_Exercise instructions_: Where the records below show the word "durante" in a line, please copy that line.

_Entries provided_:
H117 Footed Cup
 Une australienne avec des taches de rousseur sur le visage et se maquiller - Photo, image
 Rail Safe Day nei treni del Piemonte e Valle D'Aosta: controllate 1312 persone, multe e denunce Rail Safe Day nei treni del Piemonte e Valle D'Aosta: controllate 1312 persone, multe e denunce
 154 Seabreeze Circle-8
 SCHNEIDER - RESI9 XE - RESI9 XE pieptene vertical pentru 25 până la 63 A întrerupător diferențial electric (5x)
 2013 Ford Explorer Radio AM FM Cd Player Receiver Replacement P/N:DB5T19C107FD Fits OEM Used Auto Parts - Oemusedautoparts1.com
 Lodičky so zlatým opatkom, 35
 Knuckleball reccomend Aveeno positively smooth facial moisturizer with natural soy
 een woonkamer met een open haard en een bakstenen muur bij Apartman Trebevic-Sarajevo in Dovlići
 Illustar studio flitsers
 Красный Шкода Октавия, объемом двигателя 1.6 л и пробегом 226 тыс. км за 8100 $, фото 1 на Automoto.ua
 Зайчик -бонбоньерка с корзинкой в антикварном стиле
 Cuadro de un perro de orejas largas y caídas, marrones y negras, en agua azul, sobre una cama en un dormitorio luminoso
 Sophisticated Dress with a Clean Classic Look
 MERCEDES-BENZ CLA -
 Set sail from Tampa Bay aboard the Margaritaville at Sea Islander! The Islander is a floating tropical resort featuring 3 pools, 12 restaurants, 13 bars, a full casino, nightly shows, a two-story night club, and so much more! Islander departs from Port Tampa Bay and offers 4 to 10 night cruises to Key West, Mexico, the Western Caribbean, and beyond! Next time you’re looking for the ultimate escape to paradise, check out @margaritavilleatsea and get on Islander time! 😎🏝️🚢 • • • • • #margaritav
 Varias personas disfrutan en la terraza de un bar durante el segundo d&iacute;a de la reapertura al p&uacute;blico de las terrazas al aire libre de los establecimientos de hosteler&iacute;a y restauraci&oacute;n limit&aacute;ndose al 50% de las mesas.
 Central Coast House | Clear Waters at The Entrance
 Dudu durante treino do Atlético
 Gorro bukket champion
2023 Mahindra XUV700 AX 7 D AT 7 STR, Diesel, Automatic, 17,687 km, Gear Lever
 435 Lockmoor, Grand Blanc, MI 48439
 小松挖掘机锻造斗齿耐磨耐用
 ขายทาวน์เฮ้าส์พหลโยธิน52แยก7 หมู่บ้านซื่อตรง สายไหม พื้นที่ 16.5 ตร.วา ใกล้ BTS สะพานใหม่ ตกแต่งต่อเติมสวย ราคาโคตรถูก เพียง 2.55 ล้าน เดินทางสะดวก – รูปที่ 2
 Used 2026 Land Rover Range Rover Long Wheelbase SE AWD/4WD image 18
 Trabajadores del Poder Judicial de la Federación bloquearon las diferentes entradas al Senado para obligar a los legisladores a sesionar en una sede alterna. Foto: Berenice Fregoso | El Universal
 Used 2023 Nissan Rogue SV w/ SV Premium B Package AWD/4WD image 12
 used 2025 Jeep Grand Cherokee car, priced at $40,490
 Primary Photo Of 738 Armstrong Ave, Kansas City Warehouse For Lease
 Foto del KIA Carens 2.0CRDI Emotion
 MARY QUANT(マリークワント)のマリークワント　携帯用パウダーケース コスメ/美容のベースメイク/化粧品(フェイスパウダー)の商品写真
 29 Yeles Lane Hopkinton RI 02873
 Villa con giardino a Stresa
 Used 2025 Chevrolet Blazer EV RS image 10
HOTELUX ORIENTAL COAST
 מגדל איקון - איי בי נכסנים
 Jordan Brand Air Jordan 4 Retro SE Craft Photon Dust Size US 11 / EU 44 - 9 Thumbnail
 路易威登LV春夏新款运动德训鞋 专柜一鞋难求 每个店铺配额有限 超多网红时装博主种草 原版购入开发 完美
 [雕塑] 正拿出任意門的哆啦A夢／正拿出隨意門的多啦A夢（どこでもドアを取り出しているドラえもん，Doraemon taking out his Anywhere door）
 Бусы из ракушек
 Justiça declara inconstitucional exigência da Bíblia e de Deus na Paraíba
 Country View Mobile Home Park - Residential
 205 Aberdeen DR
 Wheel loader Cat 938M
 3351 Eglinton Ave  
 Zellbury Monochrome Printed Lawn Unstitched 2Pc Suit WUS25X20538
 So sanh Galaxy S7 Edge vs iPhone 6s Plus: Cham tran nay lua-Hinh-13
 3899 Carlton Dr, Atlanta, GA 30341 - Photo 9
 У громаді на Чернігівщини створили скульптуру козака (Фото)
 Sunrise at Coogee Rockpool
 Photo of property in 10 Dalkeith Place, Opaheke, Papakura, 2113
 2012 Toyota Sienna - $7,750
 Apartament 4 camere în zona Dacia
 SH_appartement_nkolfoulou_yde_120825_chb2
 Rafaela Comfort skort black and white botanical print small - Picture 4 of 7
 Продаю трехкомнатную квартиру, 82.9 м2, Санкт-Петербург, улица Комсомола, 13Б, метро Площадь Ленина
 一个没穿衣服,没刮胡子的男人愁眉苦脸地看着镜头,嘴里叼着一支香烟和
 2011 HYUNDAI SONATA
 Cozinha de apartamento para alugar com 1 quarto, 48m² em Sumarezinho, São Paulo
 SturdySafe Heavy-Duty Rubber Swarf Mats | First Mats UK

_Completed exercise_:
 Varias personas disfrutan en la terraza de un bar durante el segundo d&iacute;a de la reapertura al p&uacute;blico de las terrazas al aire libre de los establecimientos de hosteler&iacute;a y restauraci&oacute;n limit&aacute;ndose al 50% de las mesas.
 Dudu durante treino do Atlético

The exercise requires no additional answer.